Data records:
════════════════
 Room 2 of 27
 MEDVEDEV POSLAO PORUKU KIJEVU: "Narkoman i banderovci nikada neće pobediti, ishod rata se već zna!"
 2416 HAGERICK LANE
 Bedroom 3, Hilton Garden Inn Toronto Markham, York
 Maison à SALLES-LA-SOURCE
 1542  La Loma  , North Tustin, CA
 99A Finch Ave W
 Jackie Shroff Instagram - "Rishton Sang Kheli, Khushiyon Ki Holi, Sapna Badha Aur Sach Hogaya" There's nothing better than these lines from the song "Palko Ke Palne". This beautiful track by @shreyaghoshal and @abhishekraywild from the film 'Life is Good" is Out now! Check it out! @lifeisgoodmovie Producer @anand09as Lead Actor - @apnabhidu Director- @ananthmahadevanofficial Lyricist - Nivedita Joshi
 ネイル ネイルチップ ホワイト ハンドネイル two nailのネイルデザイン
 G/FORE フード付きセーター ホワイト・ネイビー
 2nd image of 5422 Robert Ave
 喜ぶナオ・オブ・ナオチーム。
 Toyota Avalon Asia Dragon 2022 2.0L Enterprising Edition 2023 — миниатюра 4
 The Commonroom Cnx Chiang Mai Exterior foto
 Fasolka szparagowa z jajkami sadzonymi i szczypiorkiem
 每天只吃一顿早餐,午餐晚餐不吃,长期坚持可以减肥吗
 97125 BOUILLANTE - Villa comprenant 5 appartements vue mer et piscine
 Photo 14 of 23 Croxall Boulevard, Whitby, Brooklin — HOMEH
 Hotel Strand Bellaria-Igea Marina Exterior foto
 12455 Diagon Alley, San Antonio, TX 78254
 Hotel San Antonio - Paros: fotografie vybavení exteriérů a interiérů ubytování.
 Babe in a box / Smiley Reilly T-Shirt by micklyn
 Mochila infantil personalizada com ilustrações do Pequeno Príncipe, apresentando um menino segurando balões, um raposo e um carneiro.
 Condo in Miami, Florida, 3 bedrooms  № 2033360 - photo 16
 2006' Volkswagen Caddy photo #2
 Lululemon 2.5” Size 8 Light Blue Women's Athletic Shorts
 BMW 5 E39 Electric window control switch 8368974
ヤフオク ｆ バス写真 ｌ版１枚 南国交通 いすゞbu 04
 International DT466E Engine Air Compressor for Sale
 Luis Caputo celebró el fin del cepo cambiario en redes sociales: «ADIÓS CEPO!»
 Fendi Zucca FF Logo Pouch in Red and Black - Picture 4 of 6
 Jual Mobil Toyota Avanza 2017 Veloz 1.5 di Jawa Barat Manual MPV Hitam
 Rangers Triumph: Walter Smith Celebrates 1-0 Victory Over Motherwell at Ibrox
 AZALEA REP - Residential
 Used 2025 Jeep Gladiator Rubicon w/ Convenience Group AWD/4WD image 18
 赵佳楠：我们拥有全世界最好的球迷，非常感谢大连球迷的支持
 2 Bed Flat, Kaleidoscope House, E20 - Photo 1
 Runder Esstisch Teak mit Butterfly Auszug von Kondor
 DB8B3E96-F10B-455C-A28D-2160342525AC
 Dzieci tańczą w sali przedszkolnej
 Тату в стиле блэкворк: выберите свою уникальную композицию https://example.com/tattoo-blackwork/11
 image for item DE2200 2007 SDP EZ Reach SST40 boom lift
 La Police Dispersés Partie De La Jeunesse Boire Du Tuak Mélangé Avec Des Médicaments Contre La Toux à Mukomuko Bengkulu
════════════════
■ Your assignment
Go through the entries above and count the lines containing the string "image". Give only that number.

■ Task response
3